Publication Type : Conference Paper
Publisher : IEEE
Source : In 2022 IEEE North Karnataka Subsection Flagship International Conference (NKCon) (pp. 1-7). IEEE
Url : https://ieeexplore.ieee.org/document/10127067
Campus : Bengaluru
School : School of Engineering
Department : Electronics and Communication
Year : 2022
Abstract : The paper proposes the design and implementation of a model that translates live voice or audio recordings of a native Indian regional language (Telugu) to text and further matches it to sign language animations from the pre-defined Graphics Interchange Format (GIF) dataset.
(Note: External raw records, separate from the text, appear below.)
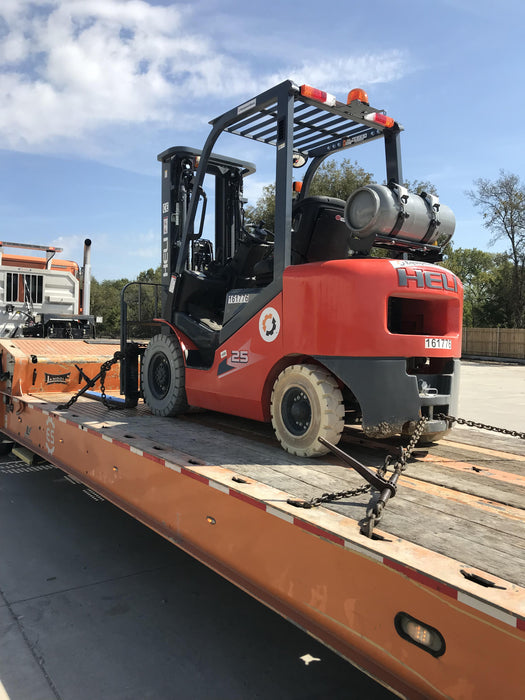 2021 HELI CPYD25-KU1H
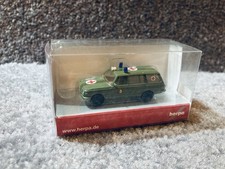 Herpa - Wartburg Tourist - NVA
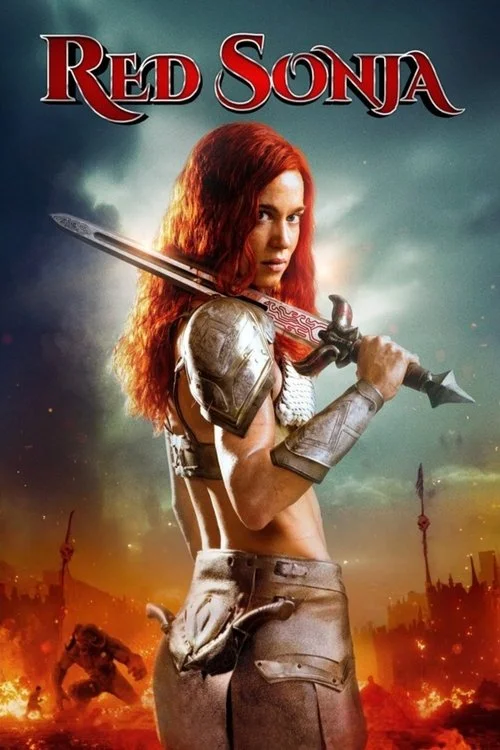 You are currently viewing Red Sonja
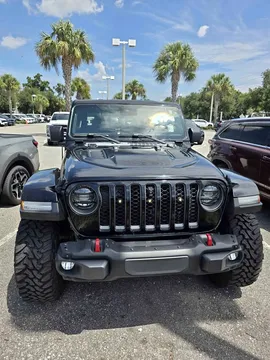2020 Jeep Gladiator Rubicon Pickup 4D 5 ft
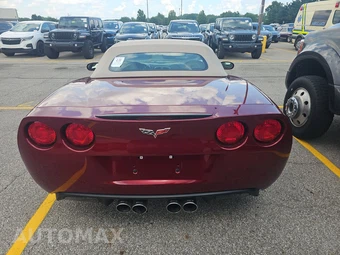 2007 Chevrolet Corvette Convertible - miniatura 5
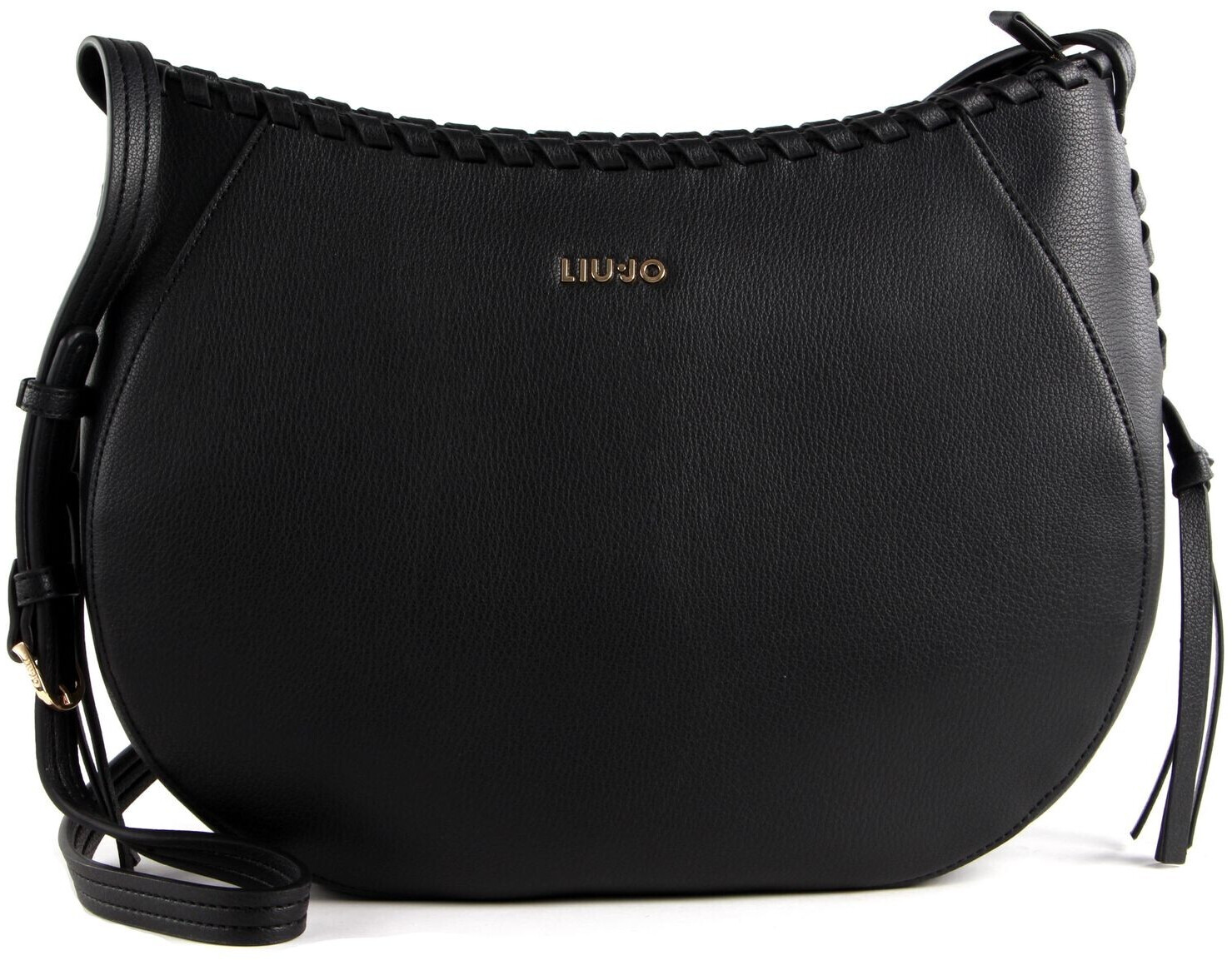 LIU Jo Estrosa Crossbody L Nero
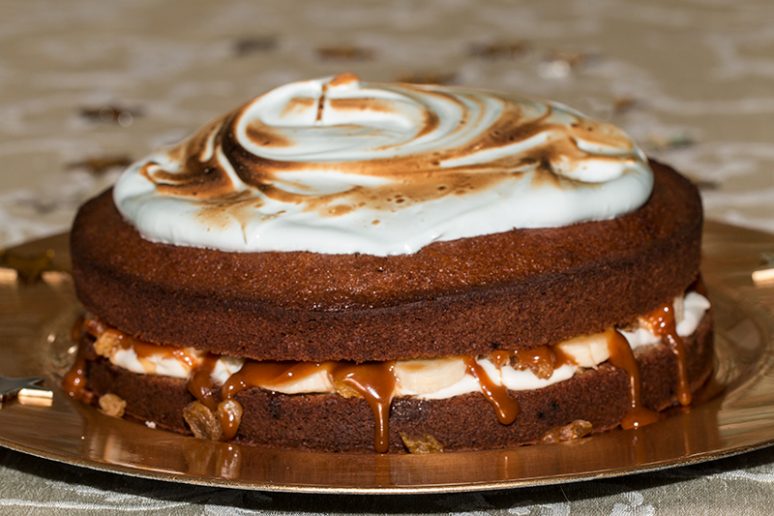 gâteau aux épices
The speech is converted to text using Google API. If the text matches with the words in GIF dataset, it generates the respective GIF. A GUI interface is also developed which displays ISL text alphabetically if the given input is outside the range of GIF dataset. Alongside, the performance of four powerful deep learning networks viz. RNN, LSTM, Bi-LSTM, and GRU, has been compared and trained over a Telugu multi-speaker speech dataset for speech recognition. The proposed models yielded accuracies of 51% for RNN, 68% for LSTM, 90% for Bi-LSTM and 88% for GRU. On evaluating the models, Google API-based speech to sign language conversion has been most promising and consistent with precision and recall scores of 94% each and a word error rate of 4.1%.
Cite this Research Publication : Reddy, B. R., Reddy, D. S. T., Preetham, S., & Vekkot, S. (2022, November). Creation of GIF dataset and implementation of a speech-to-sign language translator in Telugu. In 2022 IEEE North Karnataka Subsection Flagship International Conference (NKCon) (pp. 1-7). IEEE.